The farm is in three blocks within 10 minutes of each other. The biggest, Palliser Ridge, which has been gradually assembled over several years, is still growing, with the latest 300ha joint-ownership purchase part of that.

The country varies from fertile flats to windswept hills on the stormy south coast. The sheep-to-cattle ratio is 70:30, with 3000 ewes and 1000 hoggets producing 5500 lambs, all finished on the farm. Sharefarming and trading provide another 2500 lambs.

Jim spent 30 years working for Mobil, starting in finance and moving into management.

He worked in Africa, the Middle East, the United States and London, and ended up running the international marketing division in Washington before retiring at 52 in 1999.

He and Marilyn had already bought a small finishing block at Pirinoa and decided to fulfil Jim's youthful ambition of being a farmer. Their aim is to reach 15,000 stock units - the latest purchase takes them to close to 12,000 - to be "comfortably sustainable".

Judges in the farm environment awards described a "park-like feel" to the properties, where native bush is regenerating in gullies and beside streams, supplemented by plantings.
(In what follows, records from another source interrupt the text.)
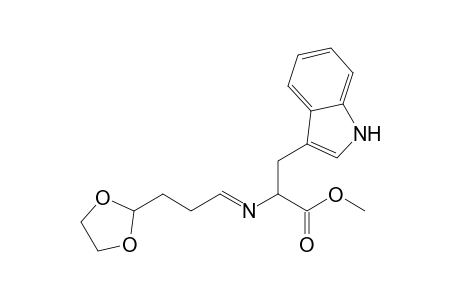 Methyl N-[3-(1',3'-dioxolan-2'-yl)propylidene]tryptophanate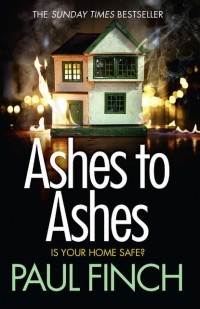 Paul  Finch - Ashes to Ashes: An unputdownable thriller from the Sunday Times bestseller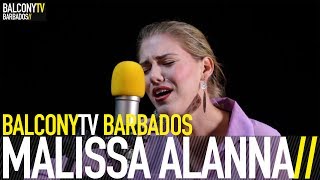 MALISSA ALANNA - I'M YOUR ONE REGRET (BalconyTV)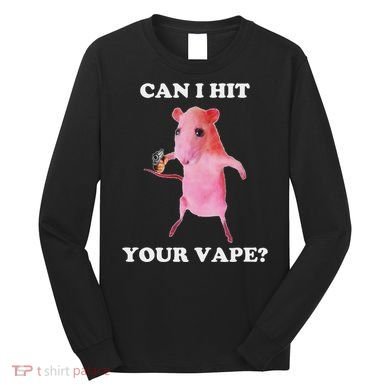 Can I Hit Your Vape Funny Rat Long Sleeve Shirt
Numerous gradient-controlled dams have created a string of wetlands, a "truly commendable accomplishment", the judges said.

Jim admits his farming knowledge is "just enough to be dangerous". Interests overseas, including two children and two grandchildren, mean he and Marilyn spend up to four months of the year away and Kurt is "fully in charge", with the help of two full-time staff and contractors.
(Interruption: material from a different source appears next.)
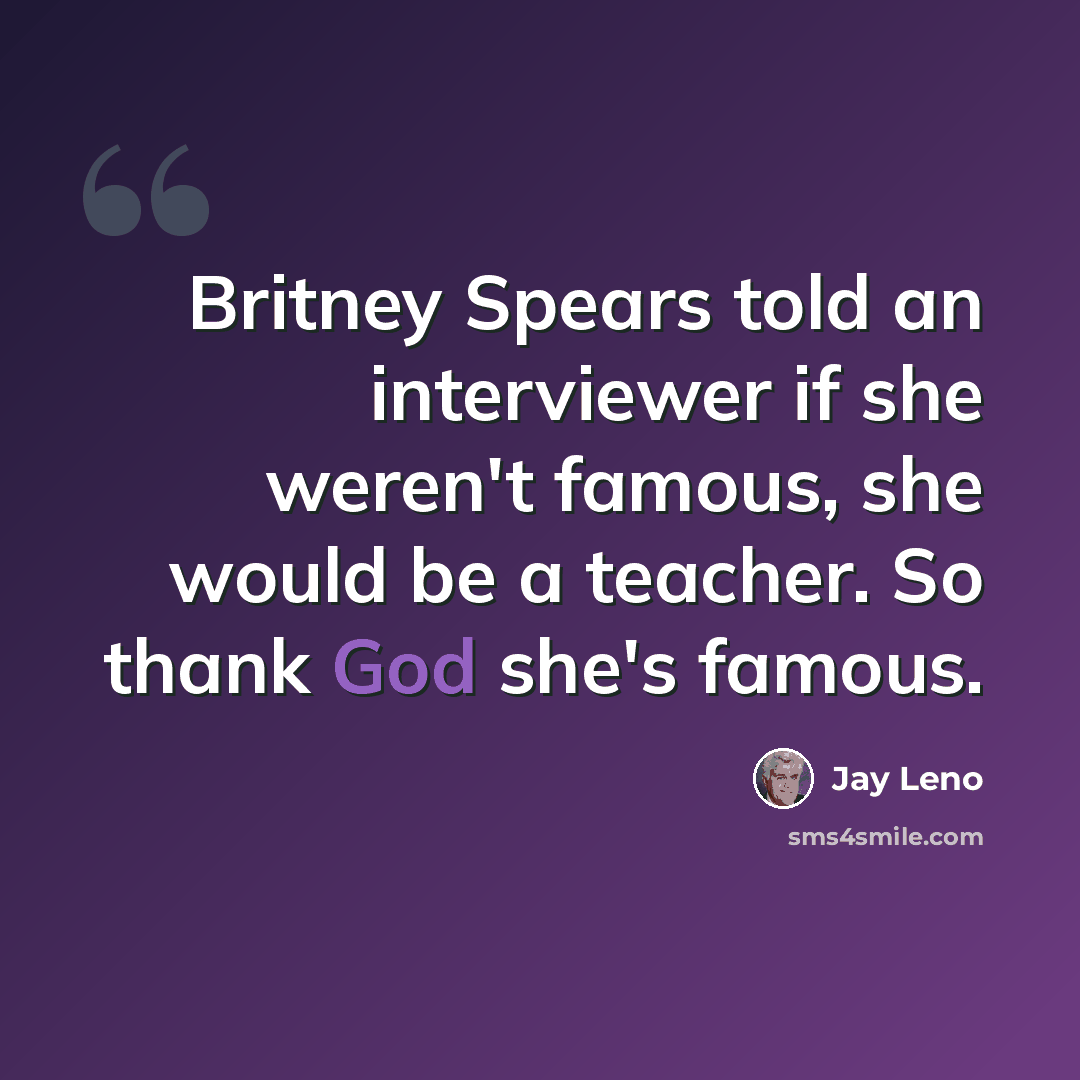 “Britney Spears told an interviewer if she weren't famous, she would be a teacher. So thank God she's famous.” quote by Jay Leno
They have a mission statement to employ an "empowered and motivated" workforce and Jim says staff education and development are a priority. "It goes back to what I saw in Africa - good people denied educational opportunities. It is hugely inefficient for a country if it doesn't utilise its young people."

He and Marilyn also fund scholarships for post-graduate ecological science students at Victoria University. As a young accountant at Mobil, he benefited from a policy to promote emerging talent.

"Mobil was willing to give them as much authority as they could risk. The key question was, ‘Has this person got the smarts?' "

Now he is following a similar policy. "Kurt may not have come here with a Lincoln diploma but he has the smarts."

He is innovative, Jim says. An example is Kurt's creation of lamb-finishing pastures. In one drill, he plants plantain and rape. The rape lasts for summer and the plantain through the winter. In spring, chicory and clover are broadcast on to the former rape-plantain fields from the same pass as maintenance fertiliser, ensuring no time lag for new pasture.

Kurt has also shown he is not afraid of hard work. "Then there is the softer issue: What is this person like as a human being, his relationship to other people, his contribution to the community? All of that seems to be in place."

Jim says the offer of an equity partnership came up because he and Marilyn wanted to keep Kurt as their manager. "Our view was if we financed Kurt and Lisa into a farm, they would be likely to stay here for a longer period of time than they might have done."

Kurt says he is "honoured to be here".

Lisa, who was a Briscoes manager before having Beauden, says, "It is nice to have that security. We know we will be here for a long time, in a strong community of traditional family farms with good community-minded people."

The couple are stalwarts of the local rugby club, Tuhirangi, with Kurt the team manager and Lisa the secretary.

Kurt says the onus is now on him to be worthy of the Laws' faith in him, but Jim says he only has to produce his normal performance. "Kurt's got his diploma studies, his new baby, new staff, new land to bring in to the operation - there's so much stuff to do.

"When he gets his head above it I'll think of other opportunities to extend him, such as a role on the board of Taratahi. He'd be a great example for the students."